--- About this task ---
The copy you produce must hold every record exactly, and none of the images.

--- Dataset excerpts ---
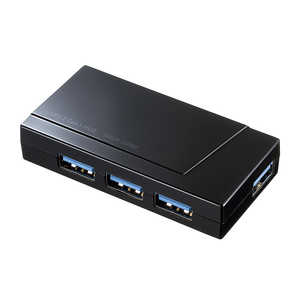 サンワサプライ USB3.2 Gen1 4ポートハブ(4ポート・バスパワー) USB-3H417BKN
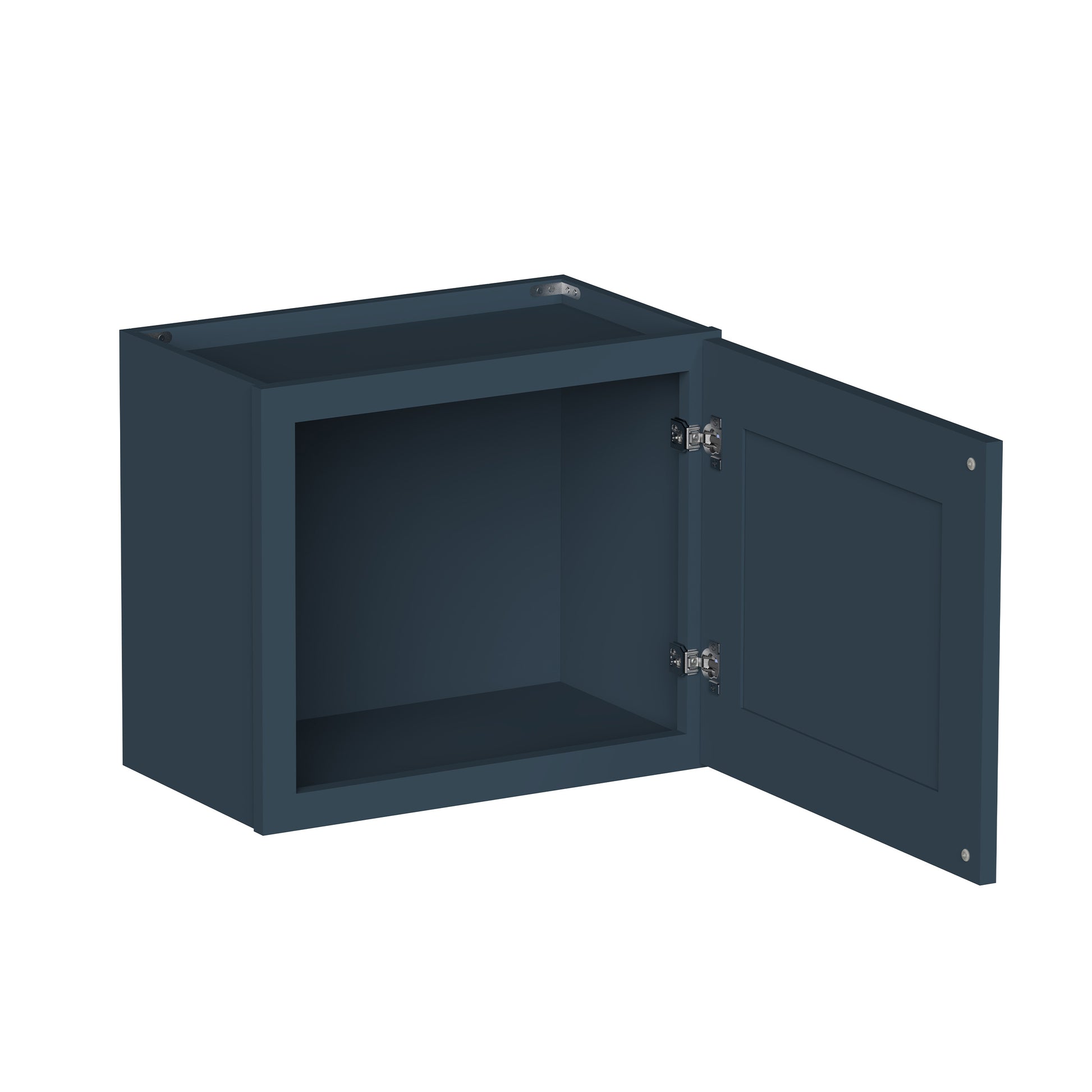Cyber Grey RTA 12"-21"W x 12"D x 18"H 4-Size Single Door Short Wall Cabinet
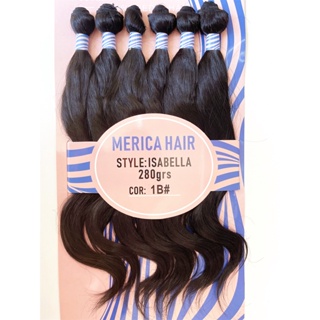 LANÇAMENTO: Cabelo 100% Bio Orgânico - Liso Ondulado - Isabella - Merica  Hair 280gr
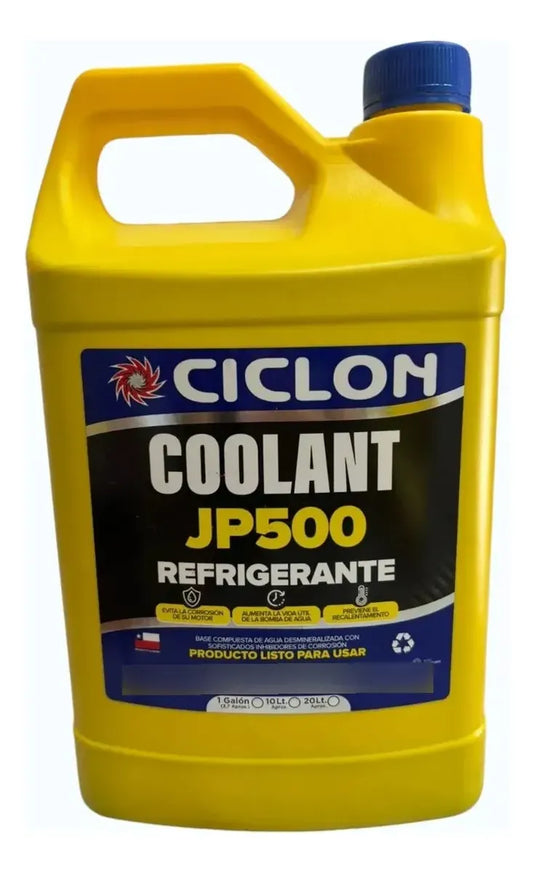 Coolant Jp500 Refrigerante 3,79 Ltrs Verde Ciclon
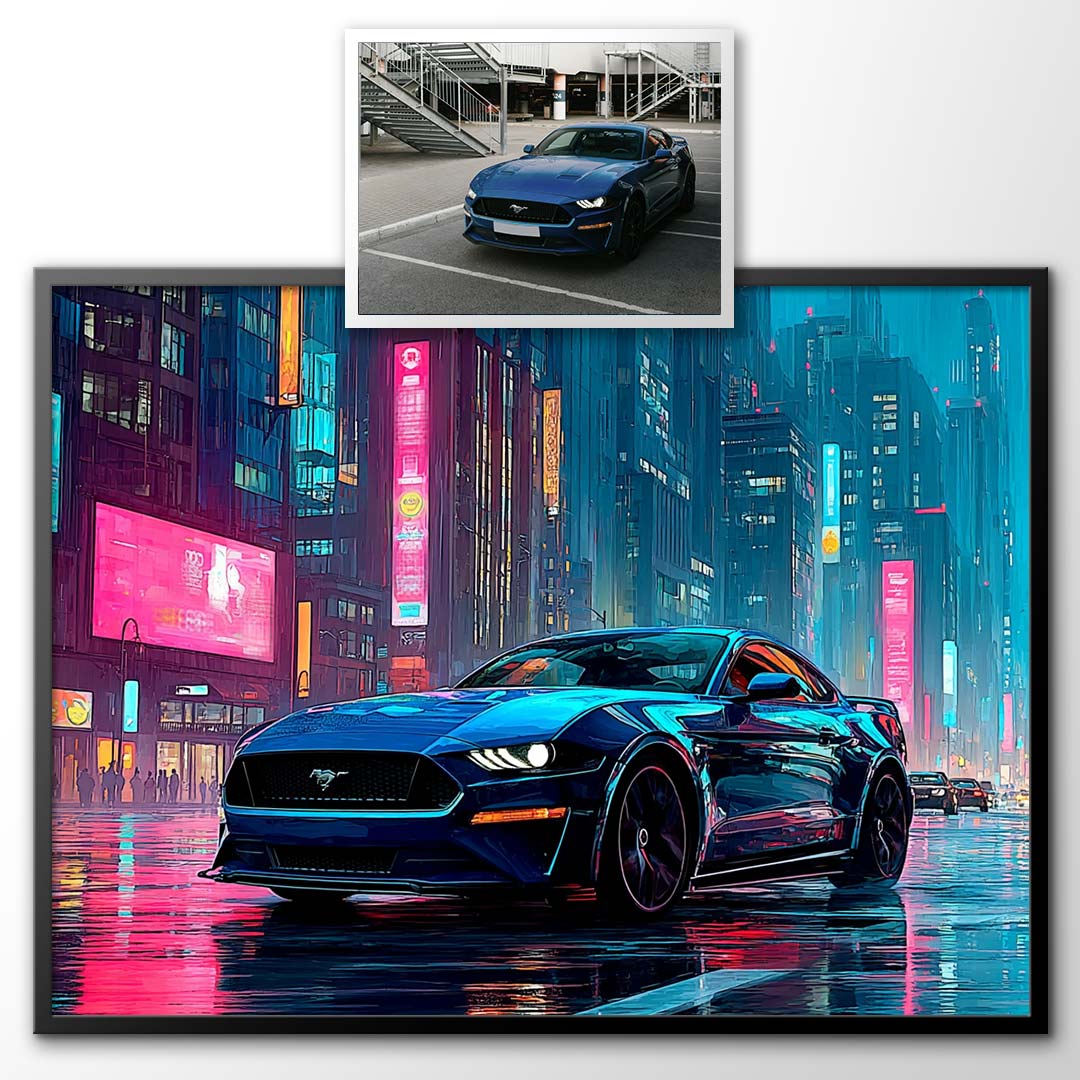 Urban Nights - Custom Car Portrait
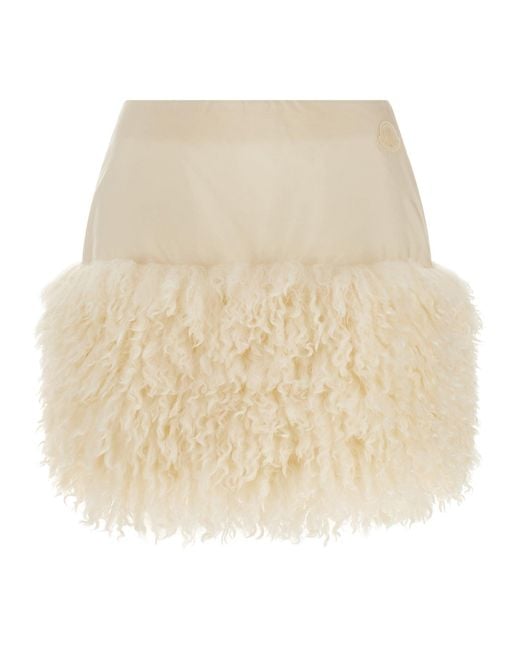 Moncler Natural Teddy Insert Skirt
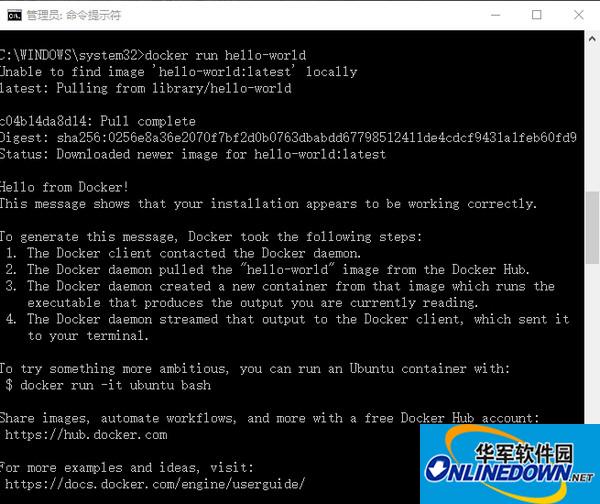 Docker for Windows screenshots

--- Solution ---
 サンワサプライ USB3.2 Gen1 4ポートハブ(4ポート・バスパワー) USB-3H417BKN
Cyber Grey RTA 12"-21"W x 12"D x 18"H 4-Size Single Door Short Wall Cabinet
 LANÇAMENTO: Cabelo 100% Bio Orgânico - Liso Ondulado - Isabella - Merica  Hair 280gr
 Coolant Jp500 Refrigerante 3,79 Ltrs Verde Ciclon
 Urban Nights - Custom Car Portrait
 Moncler Natural Teddy Insert Skirt
 Docker for Windows screenshots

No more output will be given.